Malta has sent its final progress report to Moneyval experts in a bid to avoid being placed on a grey list of countries that pose a high-risk of financial crime.
The report was sent to the Council of Europe’s experts on October 5, and includes the legislative changes implemented by the country after it failed an assessment of its anti-money laundering regime.
Moneyval will now assess Malta’s efforts and give its verdict to the global body, the Financial Action Task Force, which fights money laundering and the financing of terrorism.
A team of experts from the FATF will visit Malta between December and early 2021, for an assessment on whether Malta is put on a list of untrustworthy financial jurisdictions – the grey list.
Grey-listing could have far-reaching consequences for the economy, seriously impacting the country’s attractiveness as a financial centre.
The assessment by the FATF was automatically triggered after Malta failed the test of the Council of Europe monitoring body.
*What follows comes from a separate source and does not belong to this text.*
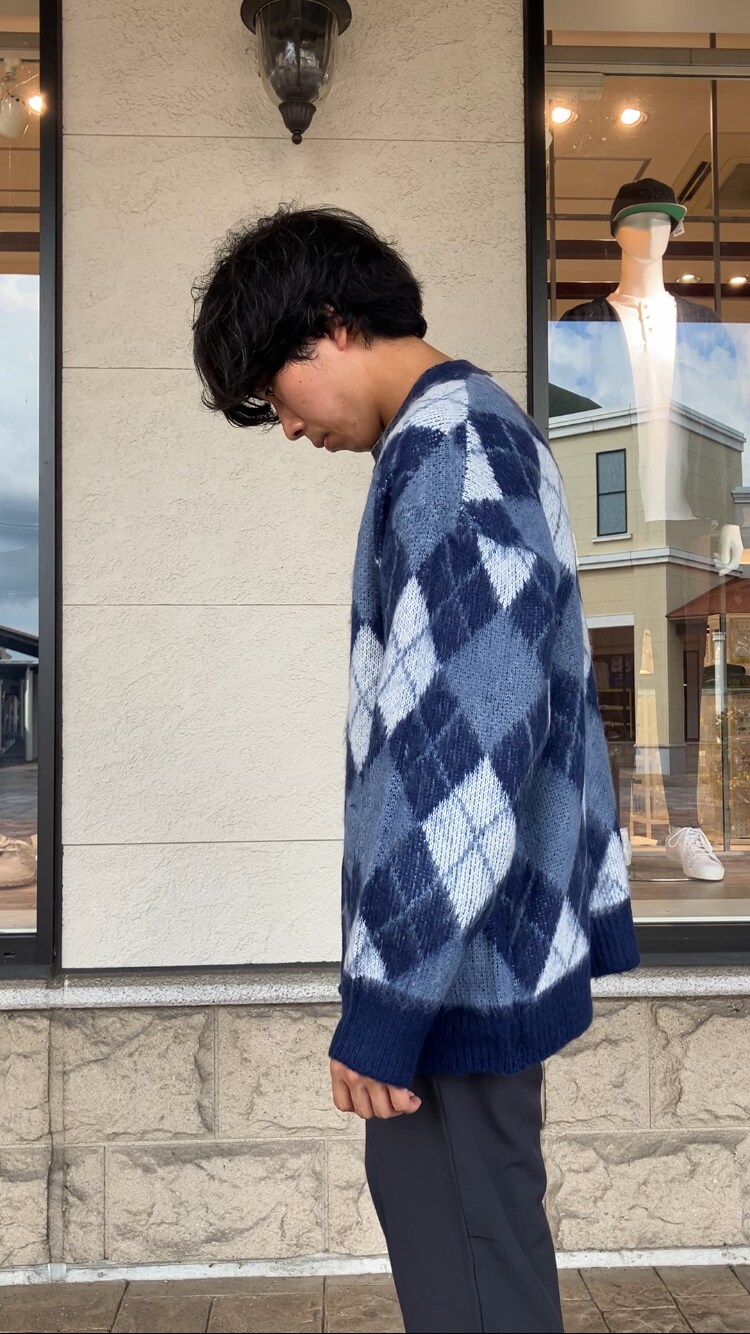 グレー系のスラックス、ブルー系のカーディガン/ボレロを着用したメンズの秋コーディネートの2枚目の写真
The country was given a year-long window to implement recommendations, such as legislative reform and an increase in the number of prosecutions for financial crimes. Since then a new law has been proposed by Justice Minister Edward Zammit Lewis that targets organised crime and allows the seizure of cars and property purchased through suspected money-laundering without a criminal conviction.
Grey listing could have far-reaching consequences
However, the main sticking point for Malta appears to be the implementation of anti-money laundering laws by the authorities.
The Moneyval review had found that Maltese law enforcement was unable to quickly pursue high-level and complex money laundering cases related to financial, bribery and corruption offences.
Since the report was published, senior police officials, including those responsible for investigating financial crime, have been replaced.
There have also been some high-profile arrests in money-laundering investigations, including the former prime minister’s chief of staff, Keith Schembri, who is on police bail.
Sources said the FATF will be taking a hard look at the police as well as the main regulators on the island in the first quarter of 2021.
The FATF’s ‘grey list’ is one stage away from the blacklist, applicable to countries judged to pose a threat to the entire global financial system.
Its grey list includes countries deemed to be not doing enough to keep money launderers at bay.
At the start of 2020, just two countries were on the blacklist – Iran and North Korea. The grey list, on the other hand, includes 18 jurisdictions, from Albania to The Bahamas.